The State Bank of Pakistan announced its new monetary policy on Friday. It announced to increase the key interest rate by 50 basis points to 10.75%.
It said the current account deficit recorded a sizeable contraction during the first two months of 2019, which, together with bi-lateral inflows, helped ease pressures on SBP’s foreign exchange reserves.
“Average headline CPI inflation reached 6.5 percent in Jul-Feb FY19 compared to 3.8 percent recorded in the same period last year,” says the SBP press release issued on its official website.
“Owing to stabilization measures, the current account deficit narrowed to US$ 8.8 billion in Jul-Feb FY19 compared to a deficit of US$ 11.4 billion during the same period last year- a fall of 22.6%. This includes a notable pace of retrenchment of the current account deficit by 59.9 percent during the first two months of 2019 over the same period last year.

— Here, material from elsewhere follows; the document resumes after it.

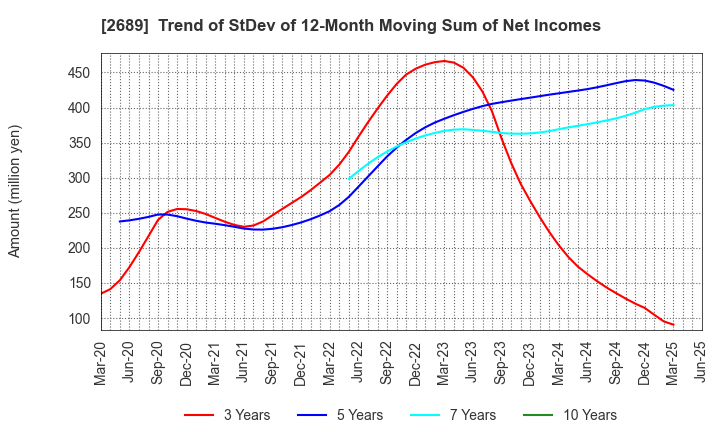 2689 OLBA HEALTHCARE HOLDINGS, Inc.: Trend of StDev of 12-Month Moving Sum of Net Incomes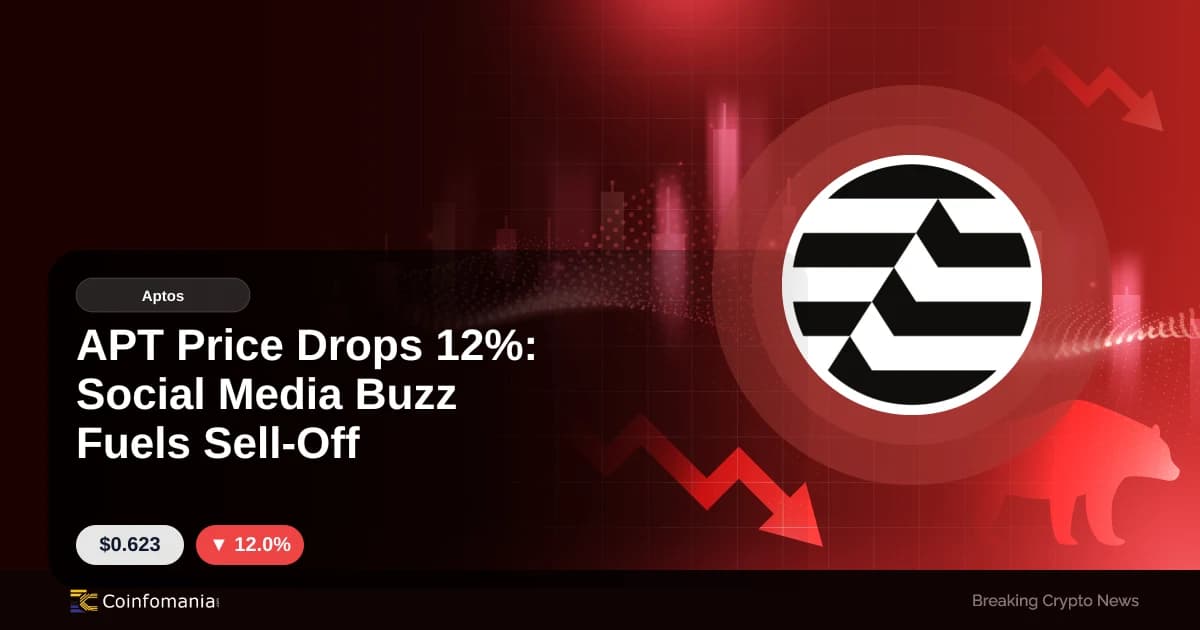 APT Price Drops 12%: Social Media Buzz Fuels Sell-Off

This reduction in the external balance was mainly driven by a 29.7% decline in the trade deficit in goods and services as well as a strong growth in remittances.”
With an improvement in the external balance as well as an increase in bilateral official inflows, SBP’s foreign exchange reserves gradually recovered to US$10.7 billion on March 25, 2019. While the reserves are still below the standard adequacy levels (equal to three months of imports cover), the recent improvement on the external front has nevertheless improved business confidence.
“In absolute terms, the government borrowed Rs3.3 trillion from SBP and retired Rs2.2 trillion of its borrowing from scheduled banks (on cash basis) during 1st Jul – 15th Mar, FY19. This in turn, facilitated the banks to meet private sector credit demand that increased by 9.2 percent without putting pressures on the market interest rates,” the statement read.